I did all these academic type things because I genuinely enjoyed doing them, so it is hard to think about giving them up. I often have to remind myself that conducting a new research study or starting a review article will come out of my own precious and limited personal time. However, because I love these things and because I see the value in them, I often still accept the invitations.

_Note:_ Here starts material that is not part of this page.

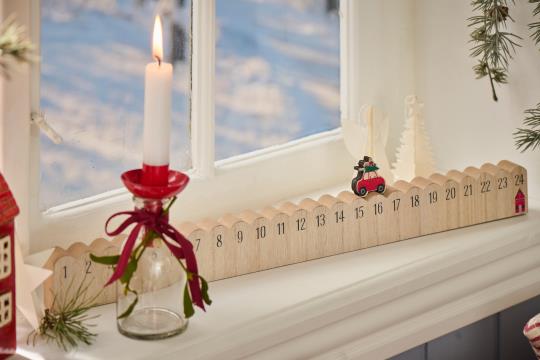 Holzkalender, 1-24, fahrendes Auto, Adventskalender aus Holz von Ib Laursen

We’re facing the same thing at home. Our kids are at that age when their afterschool activities are actually dinner-time activities. Soccer games, Girl Scout meetings, music lessons, and all other forms of lessons, clubs, and sports seem to meet at the golden hours between dinner time and bed time. We overcommitted this year. So, my husband and I decided that we will not schedule any more kids’ activities during dinner time unless they have a burning, all-consuming passion to play soccer, be a Cub Scout, or learn Spanish. Like most grade-school kids, our childrens’ passions mainly revolve around ice-cream, Halloween, and video games, so we’re feeling pretty safe about our limited commitments next year.

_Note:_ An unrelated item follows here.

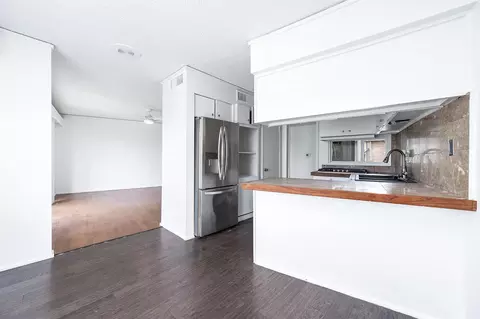 8211 Katy Fwy #10, Houston, TX 77024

I’ve spent a lot of time, often the pre-deadline regret time, trying to figure out why I don’t say no more often. I think it boils down to the potential for lost opportunities. Am I passing up the opportunity to participate in a project that will be fun or interesting or important? If I don’t push my child to play basketball or learn to play the flute, am I shutting the door on their innate talents? But, saying yes comes with its own price tag - lost sleep, lost peace, lost time, lost opportunities to eat dinner together. So, I will continue to try to just say no.